California authorities, after a 40-year manhunt, on April 25, 2018 announced the arrest of a 72-year-old former police officer on suspicion of being the notorious “Golden State Killer.”

“Take one of your hyper, gulping breaths,” she wrote. “Clench your teeth. Inch timidly toward the insistent bell This is how it ends for you. ‘You’ll be silent forever, and I’ll be gone in the dark,’ you threatened a victim once. Open the door. Show us your face. Walk into the light.”

“‘The Letter to an Old Man’ is epically brilliant,” Zackman said. “She knew he was still alive and she knew he would be caught as an old man. She somehow knew something and everything she knew is true. It’s exactly as she outlined it. People can say there’s no direct link, but there was.”

Investigators said the break in the case came from DNA sent to a genealogy website, not from McNamara’s writing. Investigators used technology to find DeAngelo — running DNA left at long-ago crime scenes and seeking matches on online genealogy databases.

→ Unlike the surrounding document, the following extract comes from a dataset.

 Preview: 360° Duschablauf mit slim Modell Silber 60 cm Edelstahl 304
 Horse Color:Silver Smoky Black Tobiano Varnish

A distant relation to DeAngelo had similar DNA, which investigators then traced to quiet, suburban Citrus Heights, California, where DeAngelo matched the age and profile of the suspected killer and was in the proximity to the crimes.

One official this week said McNamara’s book managed to keep the crimes in the public eye.

DeAngelo’s name does not appear in the book, and police are still working to link him to the other crimes in the spree, including 12 murders, 45 rapes and the burglaries.

“So much of the book is her tallking about the DNA websites,” Zackman said. “She mentions it constantly, there’s gotta be some way they’re going to catch him through a DNA website. She said ‘He cannot hide forever.'”

Wednesday’s arrest left Zackman emotional, for Oswalt and his family and for the victims of the Golden State Killer.

“You don’t forget about traumatic crimes, no matter if they’re 40 years ago,” Zackman said. “A couple of these victims said ‘I went to bed every night thinking about it.’ Every single night, you get into bed and your turn off your lights and that moment is still there.

“So the very idea that there could be some kind of closure, or some kind of peace or some kind of ease for the victims really moved me. It made me very emotional.”

HarperAudio also has a three-part podcast about the recording of the audio book, available wherever podcasts are found.

Zackman is contemplating the possibility that the week’s developments will force her to return to the recording booth, to lend her voice to a new chapter, an epilogue, about the capture of a man who authorities believe is the Golden State Killer.

“I very strangely have found myself with a front-row seat to, like, one of the stories of the century. I already felt so honored to be chosen to be the voice of this person. I never knew her, but boy do I admire her now.”